# <span style="color:#1F618D;">The Knapsack Problem (A Greedy Approach)</span>


Author: <a href="https://github.com/Blaise143" >Blaise Appolinary</a>


If you prefer viewing this directly from github, [click here](https://github.com/Blaise143/Knapsack-Optimization/blob/main/Knapsack.ipynb)

___

<a id="table-of-contents"></a>
# **<span style="color:#1F618D;">Contents </span>**
- [1. A Summary Of The Knapsack Problem](#1)
- [2. Greedy Algorithm Implementation](#2)
- [3. How The Implementation Work](#3)
- [4. Testing The Algorithm On WebScraped Problems](#4)
___

<a id="1"></a>
### <span style="color:#1F618D;">Summary of the Knapsack problem</span>
The knapsack problem can be summarized as follows:

Suppose Blaise had $n$ items namely $x_1, x_2, x_3 ... x_n$. Each of these items had weight $w_i$ and value $v_i$ for $i \in I$ and $i \in [1,n]$. Supposed there was a knapsack bag with capacity $K$ (in weight). How would he choose which items to place in the bag while maximizing the value in the bag without surpassing the capacity?


Note that :
$$\left\{
\begin{array}{ll}
      x_i = 0 & \text{if item $i$ is not picked} \\
      x_i = 1 & \text{if item $i$ is picked}
\end{array}
\right.  $$

A mathematical representation of this problem looks like:

 $$max\sum_{i=1}^{n} v_i x_i$$
 $$st\sum_{i=1}^{n} w_i x_i \leq K$$
 $$x_i \in \{0,1\}, i \in I$$

There are several approaches to tackle this kind of problem.

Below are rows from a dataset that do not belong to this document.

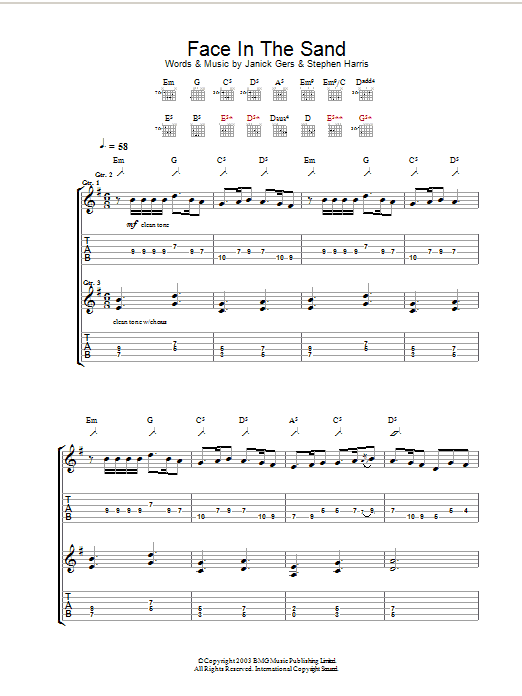 Iron Maiden Face In The Sand Sheet Music Notes & Chords for Guitar Tab - Download or Print PDF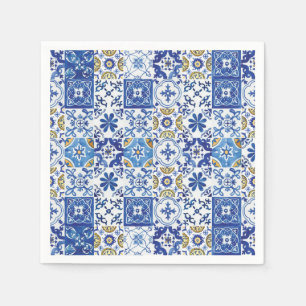 Mediterranean Mosaic Tiles Blue Birthday Party Serviette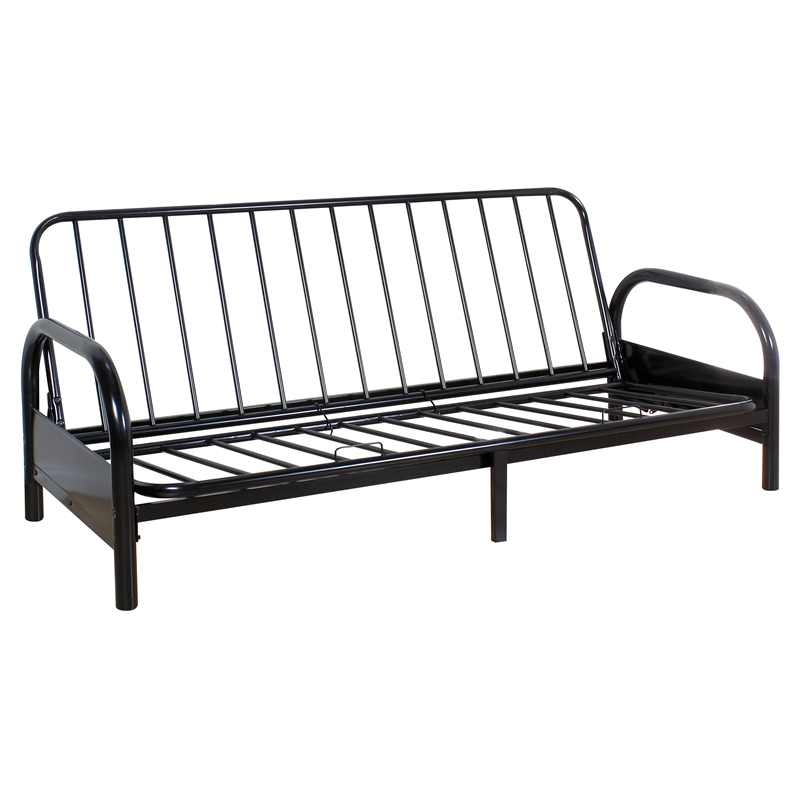 Bowery Hill Adjustable Futon Frame in Black Metal for Full-Size Mattress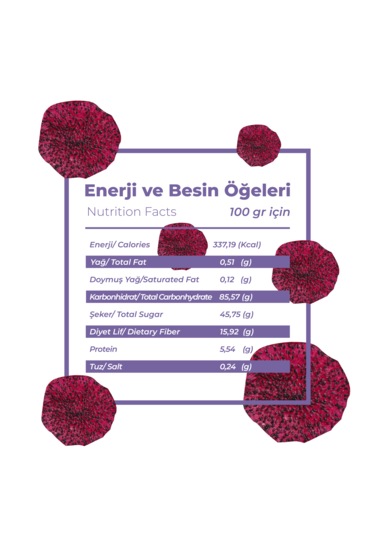 Anamour Natural Ejder Meyvesi Kurusu Cips Ejder Meyvesi Şekersiz 25 G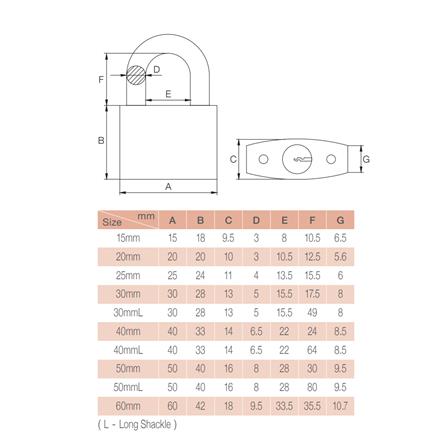 GERE KEYED ALIKE SET PADLOCK CL54502KA 50MM BRASS 2 EACH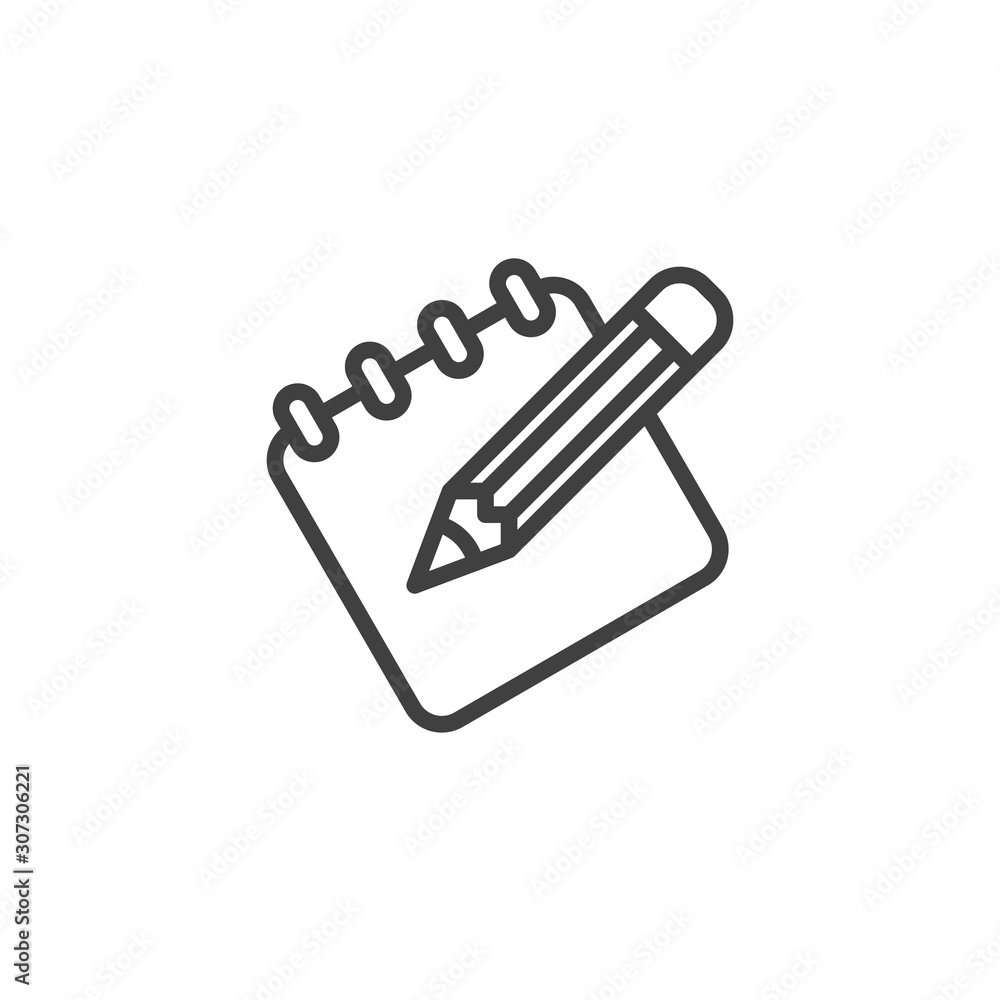 Note paper and pencil line icon. linear style sign for mobile concept and web design. Registration outline vector icon. Edit document symbol, logo illustration. Vector graphics Note paper and pencil line icon. linear style sign for mobile concept and web design. Registration outline vector icon. Edit document symbol, logo illustration. Vector graphics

Some approaches include:
- Greedy Algorithms (several)
- Local Search
- Dynamic Programming
- Genetic Algorithm

In this notebook, I will explain and implement a greedy algorithm to solving this problem.

___

<a id="2"></a>
### <span style="color:#1F618D;">Greedy Algorithm Implementation</span>
One way to tackle the knapsack problem is by using a greedy approach. The key idea in the greedy approach is picking one item at a time in a greedy fashion. There are many variations of a greedy approach. In this notebook, I will tackle and implement these approaches of the greedy algorithm.
1. Pick the elements with the highest value first until knapsack is full
2. Pick the elements with the lowest value until knapsack is full (seems like a silly approach)
3. Pick the elements with the highest weight until knapsack is full
4. Pick the elements with the lowest weight until knapsack is full

In the code cell below, I have implemented a class that solves the Knapsack problem in this approach

In [10]:
class Greedy:
    """
    A python class for the greedy algorithm
    """
    def __init__(self, items: list, capacity: int, by="value", criterion=None) -> None:
        """
        A class of the greedy algorithm
        :param items: a list of tuples (value, weight)
        :param capacity: The maximum weight allowed in a bag
        :param by: one of (value or weight)
        :param criterion: Optional parameter.
        """
        self._items = items
        self._capacity = capacity
        self.criterion = criterion
        self.by = by

        assert by in ["value", "weight"], "Arguments for by should be one of [value, weight]"
        if criterion is not None:
            assert criterion in ["small first", "large first"], "Criterion should be one of [small first, large first]"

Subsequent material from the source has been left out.